Lorsqu’on lui a demandé si elle organiserait un «référendum écossais fait maison» consultatif si le SNP gagne aux prochaines élections, elle a déclaré: «Je veux un référendum légal, c’est pour cela que je vais demander l’autorité du peuple écossais. en mai. Et s’ils me donnent cette autorité, c’est ce que j’ai l’intention de faire. “

L’ancien Premier ministre travailliste a également écrit aujourd’hui que le Royaume-Uni risquait de devenir un «État en faillite» à moins qu’il ne réforme l’Union.

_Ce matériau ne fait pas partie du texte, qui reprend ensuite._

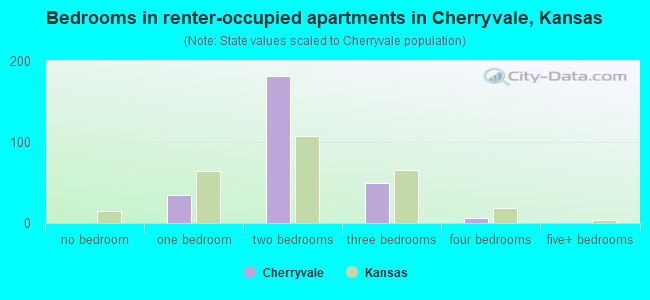 Bedrooms in renter-occupied apartments in Cherryvale, Kansas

En Écosse, le sondage ST a révélé que 49 pour cent soutenaient l’indépendance contre 44 pour cent contre – une marge de 52 pour cent à 48 pour cent si les indécis sont exclus.

Un porte-parole du Cabinet a déclaré que le public écossais voulait voir les politiciens britanniques “travailler en partenariat pour se concentrer sur la lutte contre le coronavirus”.

Il a ajouté: «Cela reste la priorité absolue du gouvernement britannique, qui a soutenu les emplois et les entreprises dans les quatre pays tout au long de la pandémie.

«La question de l’indépendance de l’Écosse a été résolue de manière décisive en 2014, lorsque l’Écosse a voté pour rester au Royaume-Uni.

«Maintenant, plus que jamais, nous devrions nous unir pour renforcer notre Royaume-Uni, au lieu d’essayer de le séparer.»